Архонт вздыхал, холодный воздух меж клыками пропуская, да после, с глупой улыбкой продолжая диалог:

— А там всё думают, что боле нет тебя на этом свете.

— Меня, который ранее существовал — такого нет. Нет более обременённого металлом существа, а потому пусть забывают обо мне.

— Истинного прошлого создание, — Архонт смеялся. На смех его жёлтые глаза блеснули ярче, наблюдая долго. — Ты помнишь всё, что ранее прожил, а если забываешь — ищешь, пишешь, затем опять несёшь всю информацию минувшую с собою. Тебя — едва кто помнит, и то о том, кем был когда-то. И заново, с каждым новым миром, от начала до скончания его.

— Прекрасно, это тоже подойдёт.

Гул по системам, сосуды-дёсны дрогнули. Отголосками прошлись шлепки во тёмных дальних коридорах, что есть движение организма единого, целого. Эти части тела иногда были видны глазу и, кроме сосудов, походили то на странные щупальца, то на хвосты ящерицы. Или там застряла древняя мягкая оболочка под хитином? Из глубины проявляясь, в глубь уходя, лишь едва оставаясь обрывками, ныне сильно ожившими.

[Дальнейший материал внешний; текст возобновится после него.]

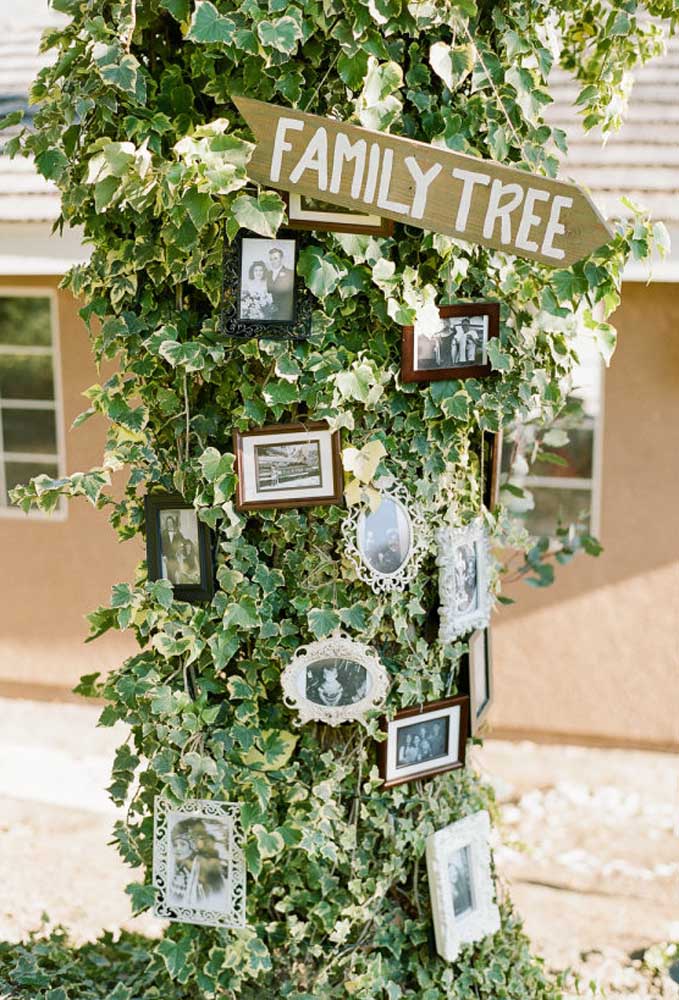 Que tal preparar a árvore da família dos noivos? Faça uma árvore artificial e pendure alguns quadros com fotos dos principais parentes da noiva e do noivo.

— Как слышу, — заключил Архонт, — что-то новое в моих словах ты для себя нашёл.

— Договор таков, — ответил ему тотчас старый друг. — Желаешь узнать больше от меня — так подбери достойную плату.

— Я знать желаю, что она задумала, — падальщик качнул бутыль в руке, затем испил. Взгляд обронил в живую стену. — Мы с тобой реликты Первомира, а она — древность Второго, — медленно его внимание перекочевало на горлышко бутылки, — и это свой след оставляет. Я что-то упускаю из виду, и не могу понять что... Вспомнить не могу.